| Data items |
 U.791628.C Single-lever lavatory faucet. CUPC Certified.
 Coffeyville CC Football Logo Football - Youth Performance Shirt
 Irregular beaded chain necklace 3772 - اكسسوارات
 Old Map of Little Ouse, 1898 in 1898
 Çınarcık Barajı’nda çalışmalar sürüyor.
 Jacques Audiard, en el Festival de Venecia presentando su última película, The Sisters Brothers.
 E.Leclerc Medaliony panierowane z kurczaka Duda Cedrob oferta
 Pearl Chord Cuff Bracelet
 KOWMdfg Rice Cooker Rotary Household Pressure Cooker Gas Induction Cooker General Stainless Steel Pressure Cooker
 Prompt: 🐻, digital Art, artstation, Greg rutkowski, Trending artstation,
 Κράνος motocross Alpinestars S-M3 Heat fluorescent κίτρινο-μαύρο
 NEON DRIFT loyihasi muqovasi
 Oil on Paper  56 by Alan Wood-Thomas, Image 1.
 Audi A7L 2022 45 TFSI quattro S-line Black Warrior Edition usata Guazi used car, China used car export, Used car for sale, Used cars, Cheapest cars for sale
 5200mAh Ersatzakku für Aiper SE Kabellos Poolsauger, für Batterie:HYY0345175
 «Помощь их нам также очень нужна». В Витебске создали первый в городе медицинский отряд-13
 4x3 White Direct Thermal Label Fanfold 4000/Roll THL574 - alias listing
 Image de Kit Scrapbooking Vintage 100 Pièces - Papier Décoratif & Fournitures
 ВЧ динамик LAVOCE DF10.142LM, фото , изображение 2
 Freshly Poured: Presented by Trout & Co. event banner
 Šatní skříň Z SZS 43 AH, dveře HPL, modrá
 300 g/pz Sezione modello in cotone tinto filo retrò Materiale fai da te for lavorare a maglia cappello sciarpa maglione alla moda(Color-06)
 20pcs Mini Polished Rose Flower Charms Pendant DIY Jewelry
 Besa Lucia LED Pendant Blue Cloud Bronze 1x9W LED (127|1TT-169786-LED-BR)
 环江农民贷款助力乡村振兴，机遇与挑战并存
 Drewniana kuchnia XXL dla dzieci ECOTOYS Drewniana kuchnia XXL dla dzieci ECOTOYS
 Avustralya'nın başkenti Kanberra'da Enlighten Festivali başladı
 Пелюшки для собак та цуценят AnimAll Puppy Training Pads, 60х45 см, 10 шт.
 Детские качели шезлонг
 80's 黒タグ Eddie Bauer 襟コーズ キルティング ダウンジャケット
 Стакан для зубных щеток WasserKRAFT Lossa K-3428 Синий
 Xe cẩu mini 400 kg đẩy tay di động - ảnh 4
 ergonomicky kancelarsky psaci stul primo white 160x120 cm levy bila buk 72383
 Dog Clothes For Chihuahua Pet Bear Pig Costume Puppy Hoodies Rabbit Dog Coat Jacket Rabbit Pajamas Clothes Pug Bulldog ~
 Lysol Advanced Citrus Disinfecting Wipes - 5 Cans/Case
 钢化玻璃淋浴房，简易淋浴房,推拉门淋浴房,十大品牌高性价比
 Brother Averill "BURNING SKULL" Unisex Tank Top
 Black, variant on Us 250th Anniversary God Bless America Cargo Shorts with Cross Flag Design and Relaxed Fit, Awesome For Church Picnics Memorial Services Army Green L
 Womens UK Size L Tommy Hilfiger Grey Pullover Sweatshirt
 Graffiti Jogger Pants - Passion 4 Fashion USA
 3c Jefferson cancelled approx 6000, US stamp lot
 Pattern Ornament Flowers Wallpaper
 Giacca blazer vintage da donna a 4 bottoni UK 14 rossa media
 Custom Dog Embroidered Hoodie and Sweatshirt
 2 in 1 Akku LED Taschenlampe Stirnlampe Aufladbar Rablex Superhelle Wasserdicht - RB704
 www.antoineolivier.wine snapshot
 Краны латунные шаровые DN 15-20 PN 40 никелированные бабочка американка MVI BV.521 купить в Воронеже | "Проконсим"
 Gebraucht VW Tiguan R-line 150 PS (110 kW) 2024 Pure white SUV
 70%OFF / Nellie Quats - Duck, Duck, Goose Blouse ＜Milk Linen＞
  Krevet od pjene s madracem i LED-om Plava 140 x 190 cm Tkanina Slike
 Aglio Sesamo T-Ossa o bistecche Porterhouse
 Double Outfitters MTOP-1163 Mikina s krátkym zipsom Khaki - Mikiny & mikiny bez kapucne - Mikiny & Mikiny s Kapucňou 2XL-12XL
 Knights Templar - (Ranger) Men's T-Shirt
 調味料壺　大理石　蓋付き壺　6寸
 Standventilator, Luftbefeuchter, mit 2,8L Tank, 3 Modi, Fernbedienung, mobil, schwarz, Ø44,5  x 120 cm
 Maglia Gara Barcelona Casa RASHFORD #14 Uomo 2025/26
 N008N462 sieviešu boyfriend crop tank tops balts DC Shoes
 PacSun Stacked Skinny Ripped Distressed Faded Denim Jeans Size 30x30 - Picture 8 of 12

| THE TASK |
From the entries above, extract every line where the word "Black" appears.

| RESPONSE BELOW |
 Audi A7L 2022 45 TFSI quattro S-line Black Warrior Edition usata Guazi used car, China used car export, Used car for sale, Used cars, Cheapest cars for sale
 Black, variant on Us 250th Anniversary God Bless America Cargo Shorts with Cross Flag Design and Relaxed Fit, Awesome For Church Picnics Memorial Services Army Green L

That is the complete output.